So like most politicians, Obama predicates his economic plan on a diet of fear that overlooks the ubiquitous economic progress of the last 25 years. He should know better. After all he's the candidate of hope.
[Obama] makes a habit of claiming that "wages are shrinking," working families have lost ground, and the country desperately needs his "Rescue Plan for the Middle Class." His economic program rests on the unshakable conviction that everyone except the wealthy is doing worse and worse all the time. If elected, he will find sympathetic ears among Democrats in Congress, where never is heard an encouraging word.
In the midst of alarming headlines, it's easy to persuade people that things are worse than they used to be. The only problem is that aside from the transitory effects of the current turmoil, they aren't.
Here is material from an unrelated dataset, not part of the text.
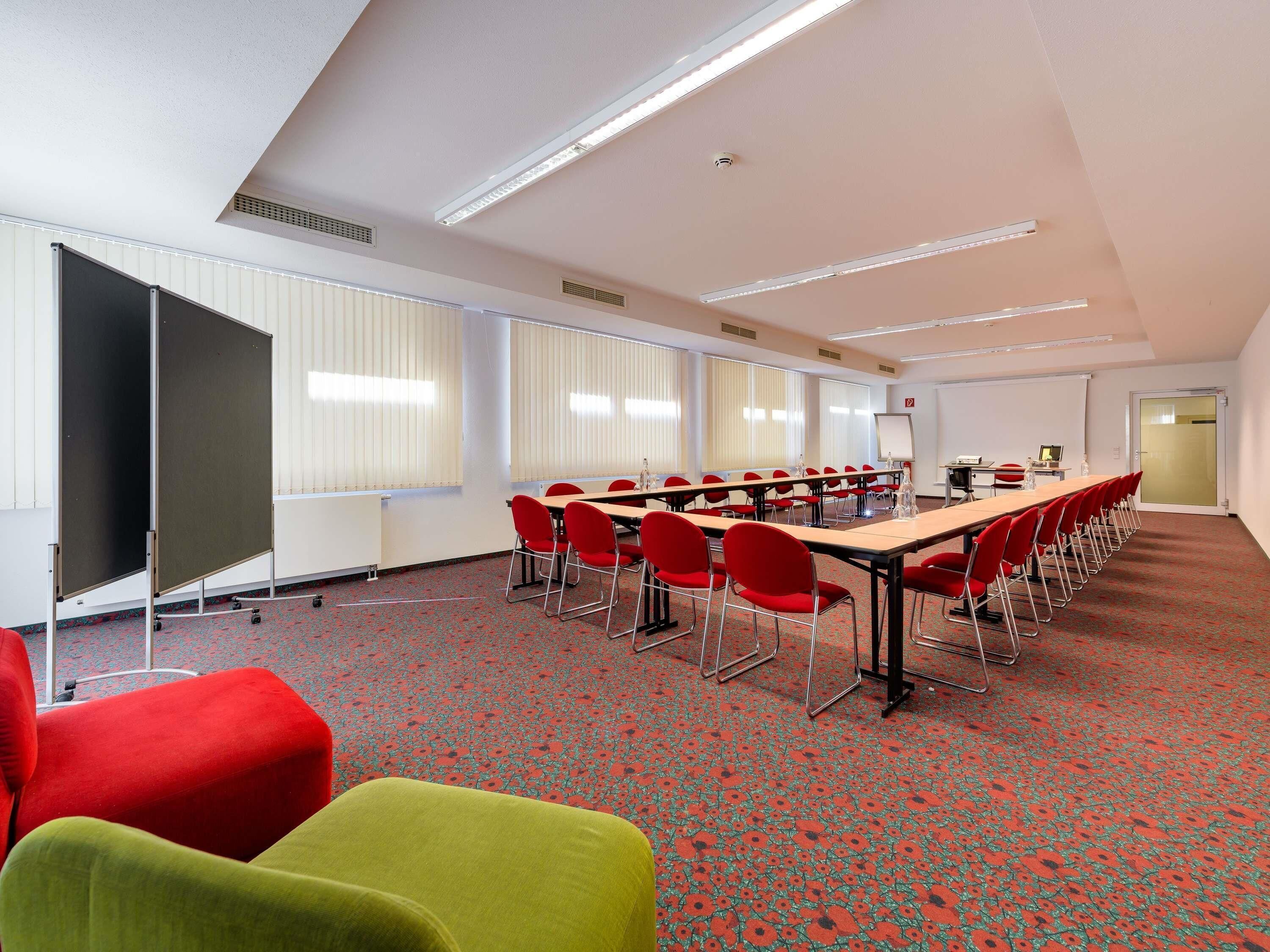 A conference room with a long table, red chairs, a projector screen, and a whiteboard.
The mistake made by the School of Gloom is looking only at wages, narrowly defined. According to the Bureau of Labor Statistics, average hourly earnings of production and nonsupervisory workers, adjusted for inflation, fell by 4 percent between 1975 and 2005. But those figures deceive because they omit fringe benefits like health insurance, pensions and paid leave, which make up a bigger share of total compensation than before. The numbers also rely on a mismeasure of inflation.
When those flaws are corrected, a very different trend leaps off the page. Median wages, says Fitzgerald, rose 28 percent between 1975 and 2005. Nor were the gains restricted to Bill Gates and Hannah Montana: Significant gains occurred in the middle as well.
The same pattern holds for households. The figures that suggest families are struggling to stay even overlook some types of income, and they don't account for the fact that households have gotten smaller on average. After accounting for such things, Fitzgerald found that "inflation-adjusted median household income for most household types increased by roughly 44 percent to 62 percent from 1976 to 2006."
None of this alters the fact that some people have done worse. Domestic and global competition, which raise living standards, also spell trouble for many companies and workers. A 50-year-old who loses a $30-an-hour job on the Chevy assembly line may never find anything comparable. But the steady, broad rise in living standards makes it clear that—at least until recent months—our economy consistently spawns more good jobs than it destroys.